IV. La presidenta, entre la congruencia y el silencio cómplice
Claudia Sheinbaum tiene en sus manos una oportunidad histórica: marcar la diferencia entre el liderazgo doctrinario y la inercia del compadrazgo. O se deslinda con firmeza y claridad de los excesos, incluso de los cometidos por los “hijos del régimen anterior”, o su discurso de austeridad será sólo un gesto vacío.
No basta con recordar a Juárez: hay que hacerle justicia en los hechos. Y eso implica sancionar la ostentación, el elitismo, la arrogancia simbólica de quienes se sienten impunes por llevar un apellido. Porque cuando el silencio se impone, lo que queda no es la institucionalidad: es la complicidad.

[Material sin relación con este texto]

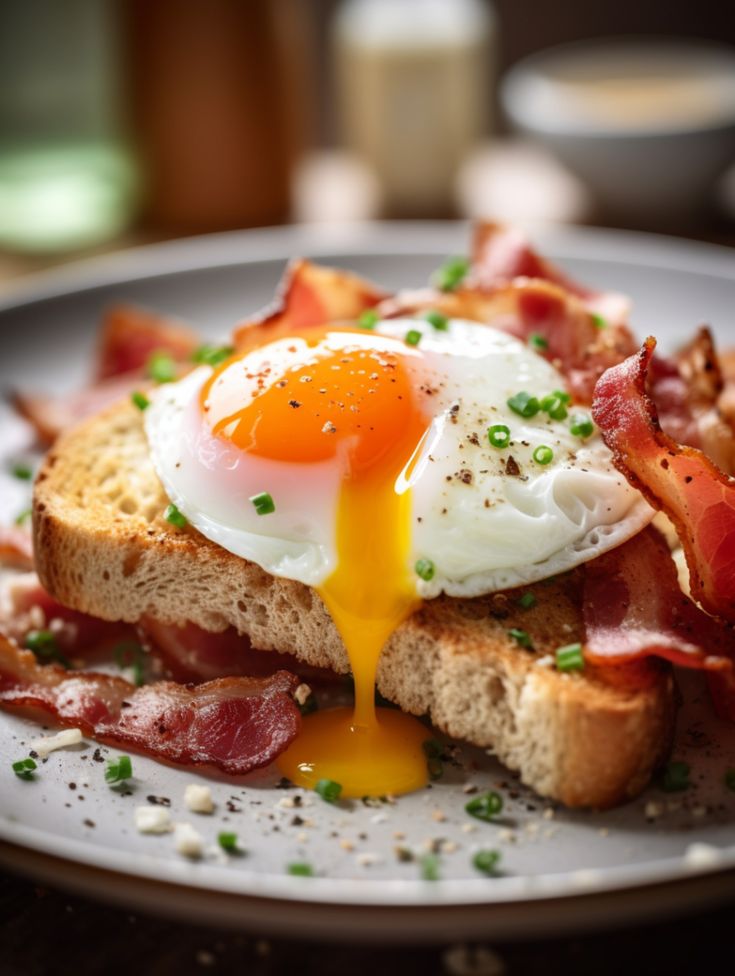 an egg on toast with bacon and chives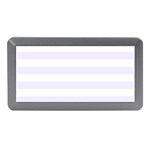Horizontal Stripes - White and Pastel Violet Memory Card Reader (Mini)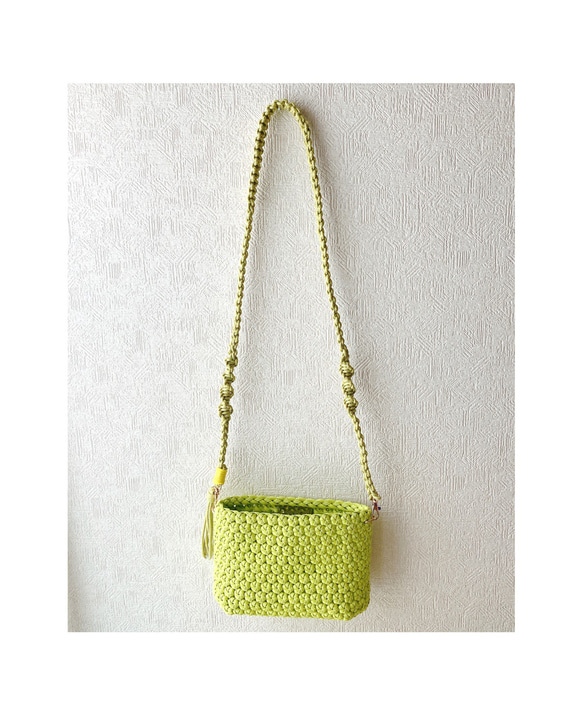 ショルダーバッグイエロー✨ ジーンズに合わせたいシンプルバッグShoulder bag yellow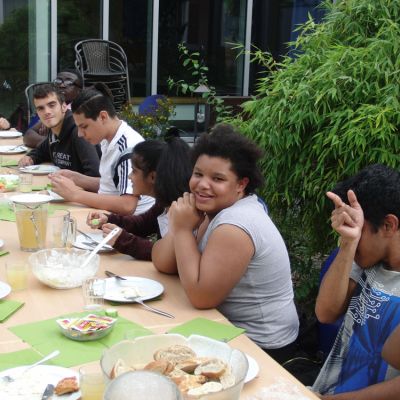 Grillen im Atrium
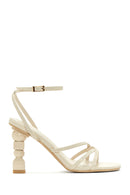 Women's Beige Ankle Strap Heeled Sandals | Derimod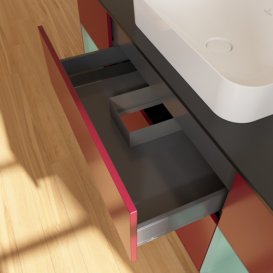 Тумба под раковину Villeroy & Boch Finion 160х50,1 см с подсветкой МДФ пион матовый лак/стекло черное матовое F742GMHB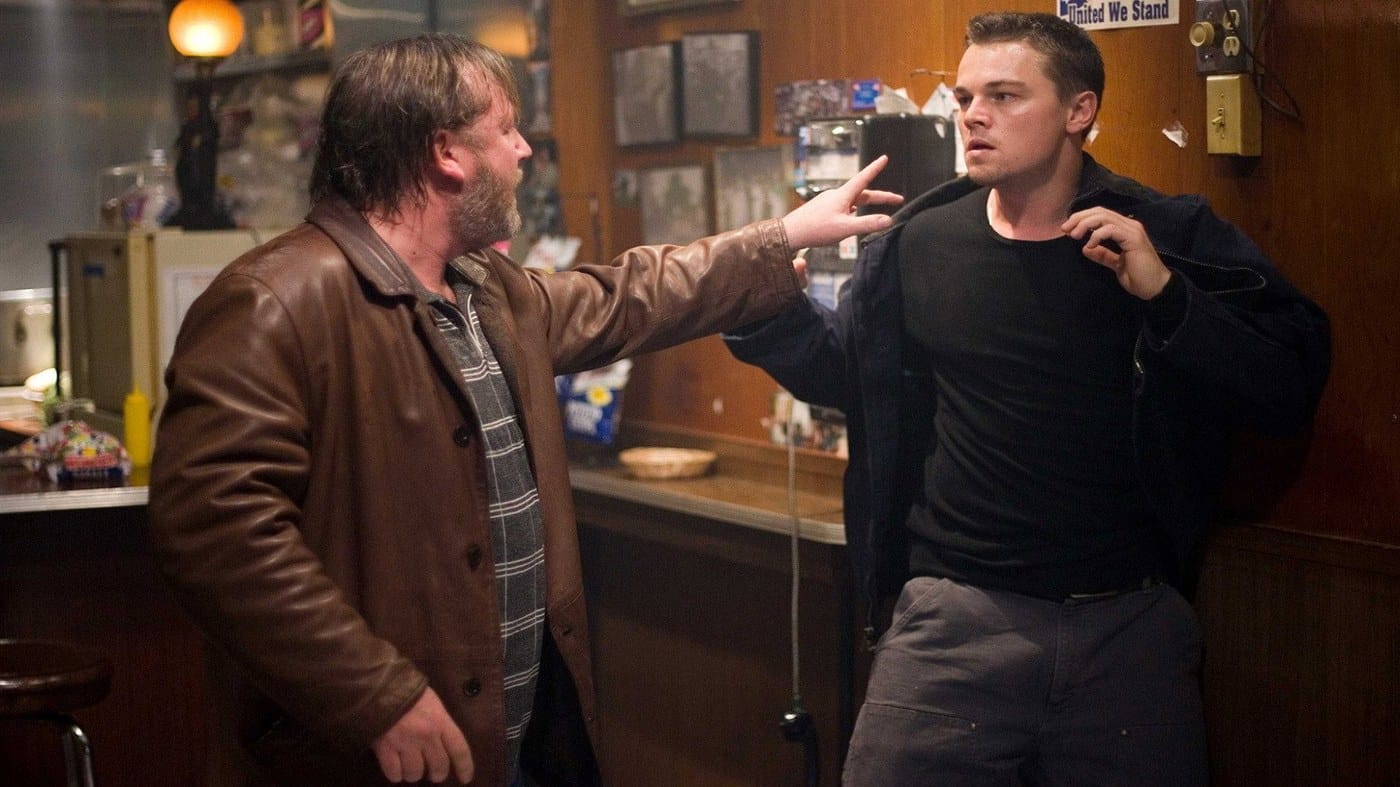 Ray Winstone and Leonardo DiCaprio in a tense confrontation in The Departed (2006)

V. Epílogo: el precio de no corregir
En política, lo que no se corrige a tiempo se pudre. Morena debe decidir si quiere ser un instrumento de transformación o una dinastía de poder. Andy no representa una amenaza electoral en sí, pero sí representa una fractura moral: la que ocurre cuando los valores fundacionales se diluyen entre privilegios personales y defensas acomodaticias.
Si no hay deslinde, vendrá el descrédito. Si no hay corrección, vendrá la indiferencia popular. Y si no hay ejemplo, la “justa medianía” quedará convertida en un lema más, hueco como tantos otros, pronunciado por una clase política que olvidó que el pueblo observa, juzga… y castiga.